**Exercise objective:** Every record below is to be restated verbatim, though its images are not.

**Entries provided:**
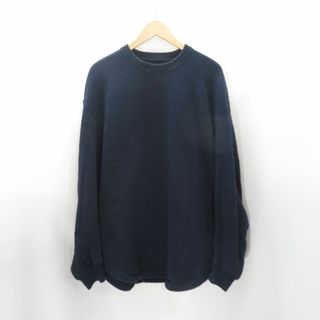 SSZ (BEAMS) 20ss いざ鎌倉 CREWNECK NAVY-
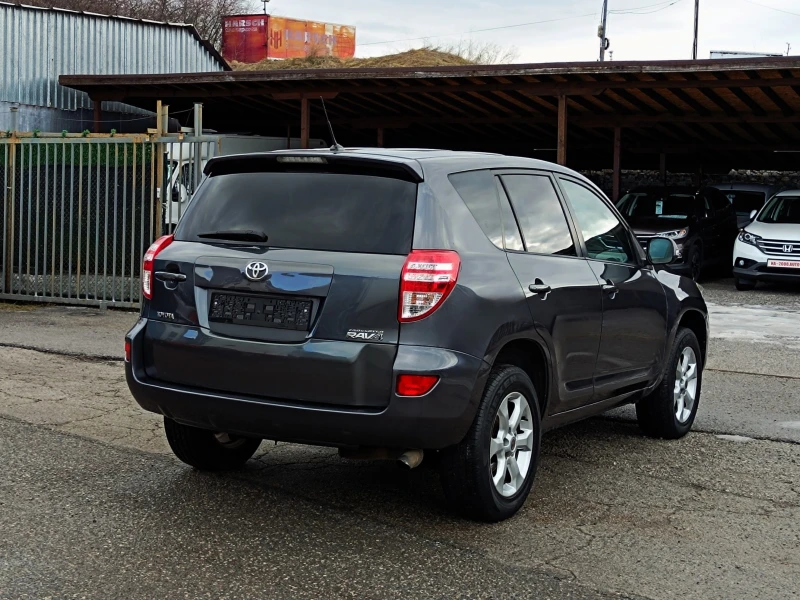 Toyota Rav4 2.2 D4D* 4X4* Crossover* Face Lift* EURO 5* , снимка 5 - Автомобили и джипове - 48631266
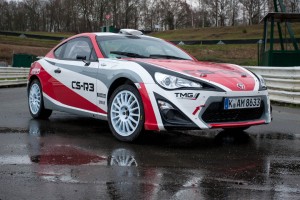 Toyota GT86 R3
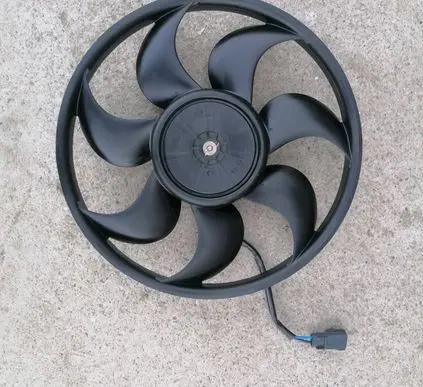 Ford Transit Custom Electric radiator cooling fan 3136613441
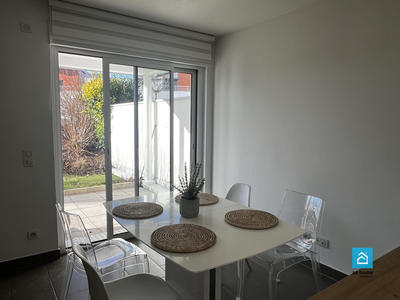 Appartement - 80 m² - 4 pièces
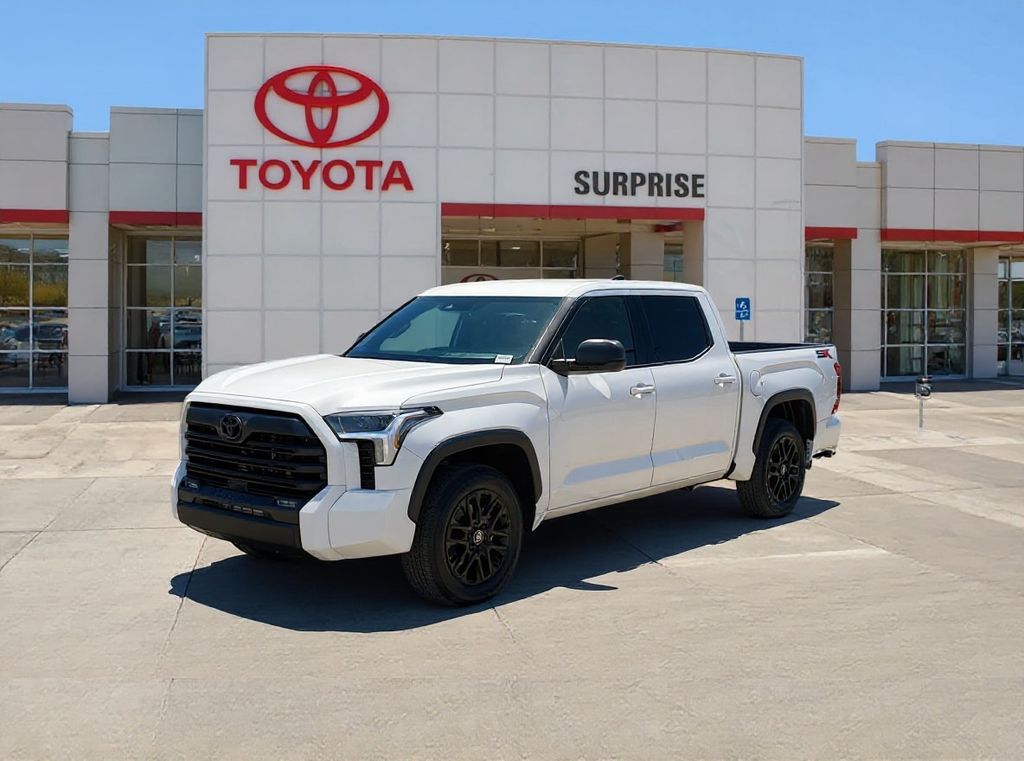 Thumbnail: 2026 Toyota Tundra - 1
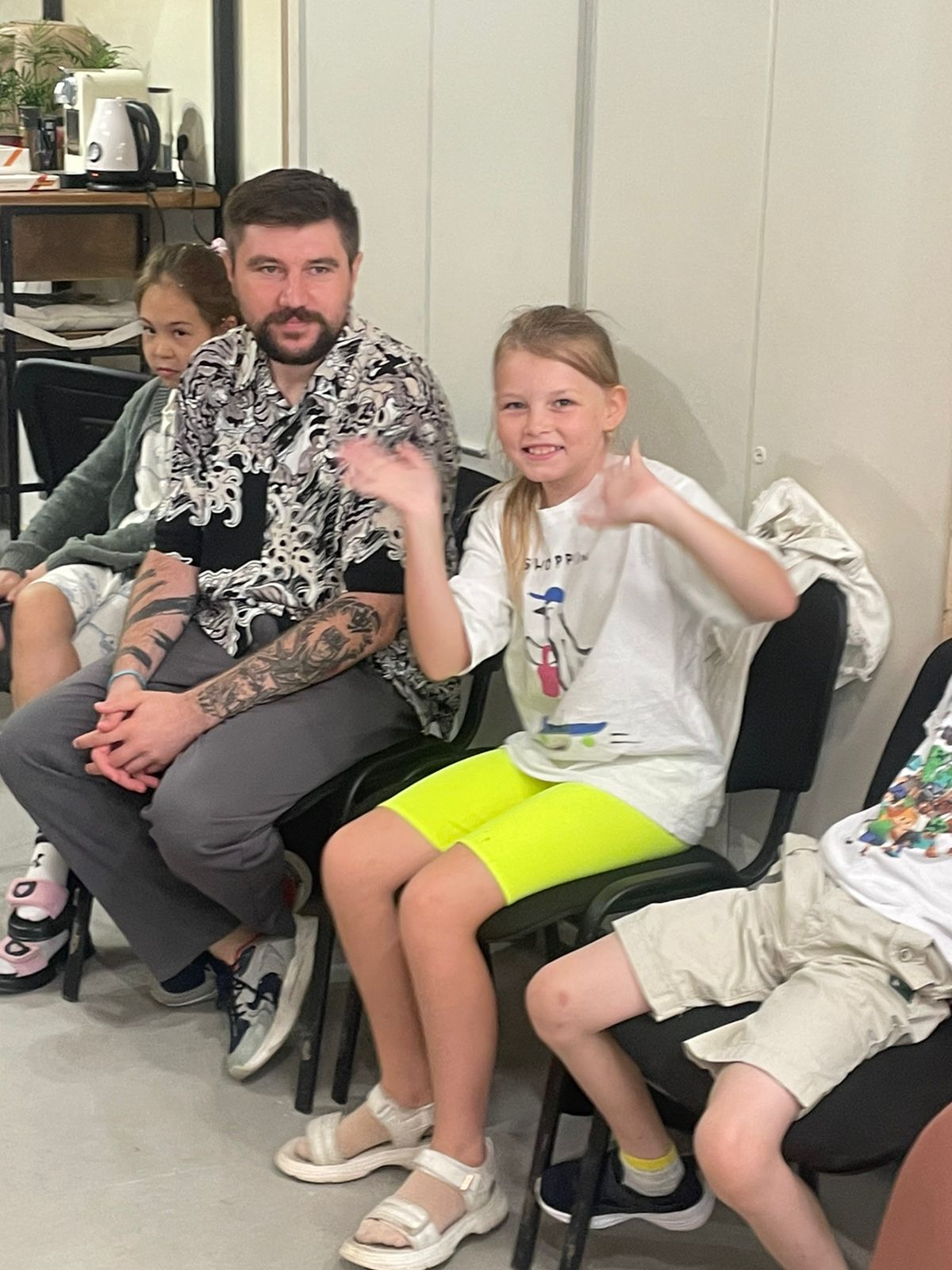 Летняя арт-резиденция ЭСТЕТИК – городской лагерь, Санкт-Петербург, м. Горьковская. Путевки в детский лагерь на 2026 год, фото программы 3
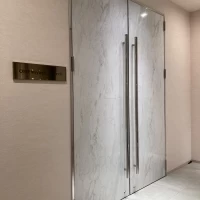 チャペルの入り口です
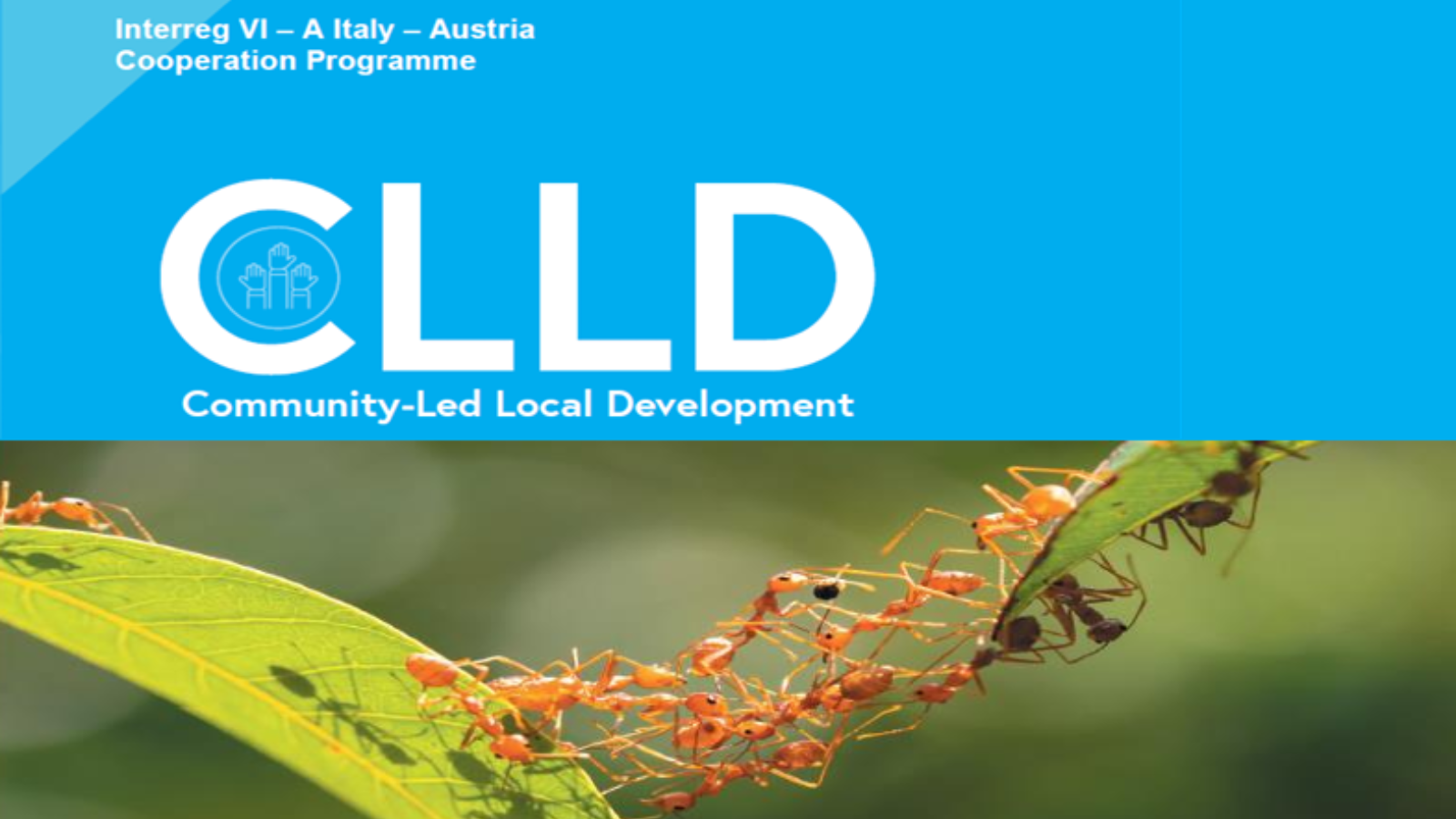 Interreg IT-AT: A decade of Community-Led Local Development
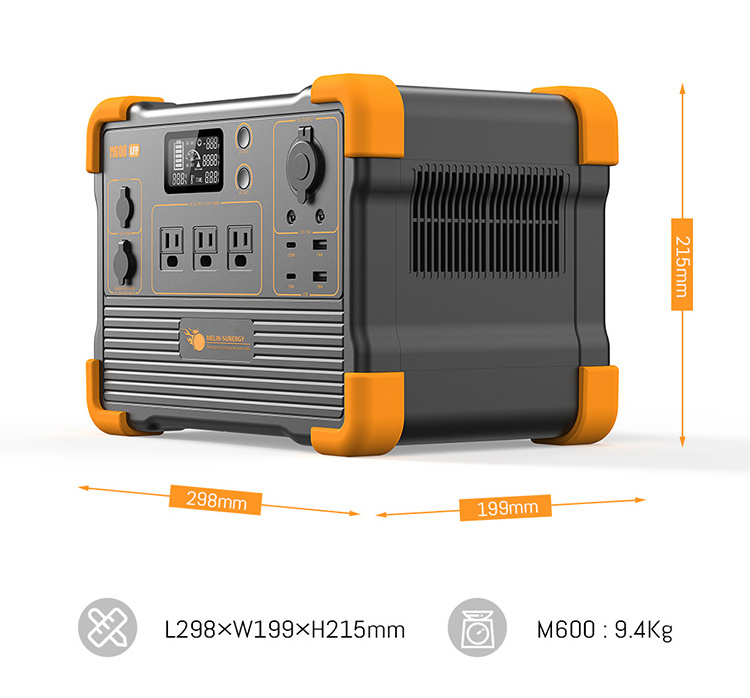 200W 500W 1000W 2000W 3000W large capacity power pack 200W portable smart solar power generator 110V 220V 240V for home use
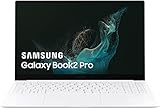 Samsung Galaxy Book2 Pro – Ordenador portátil de 15,6' FullHD (Intel Evo Core i7-1260P,...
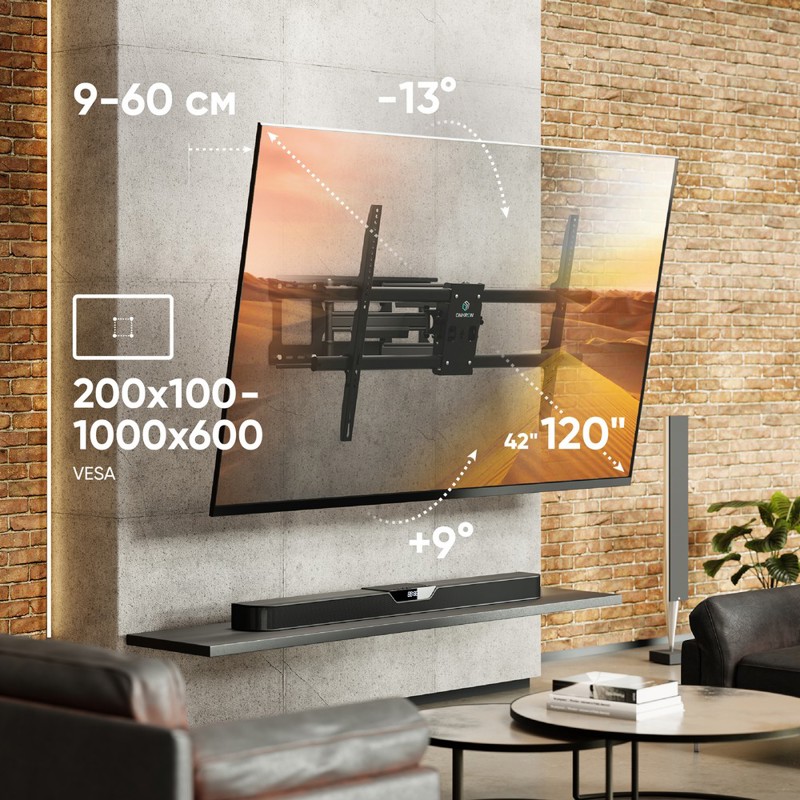 ONKRON M10 BLACK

**Response area:**
 SSZ (BEAMS) 20ss いざ鎌倉 CREWNECK NAVY-
 Toyota Rav4 2.2 D4D* 4X4* Crossover* Face Lift* EURO 5* , снимка 5 - Автомобили и джипове - 48631266
 Toyota GT86 R3
 Ford Transit Custom Electric radiator cooling fan 3136613441
 Appartement - 80 m² - 4 pièces
 Thumbnail: 2026 Toyota Tundra - 1
 Летняя арт-резиденция ЭСТЕТИК – городской лагерь, Санкт-Петербург, м. Горьковская. Путевки в детский лагерь на 2026 год, фото программы 3
 チャペルの入り口です
 Interreg IT-AT: A decade of Community-Led Local Development
 200W 500W 1000W 2000W 3000W large capacity power pack 200W portable smart solar power generator 110V 220V 240V for home use
 Samsung Galaxy Book2 Pro – Ordenador portátil de 15,6' FullHD (Intel Evo Core i7-1260P,...
 ONKRON M10 BLACK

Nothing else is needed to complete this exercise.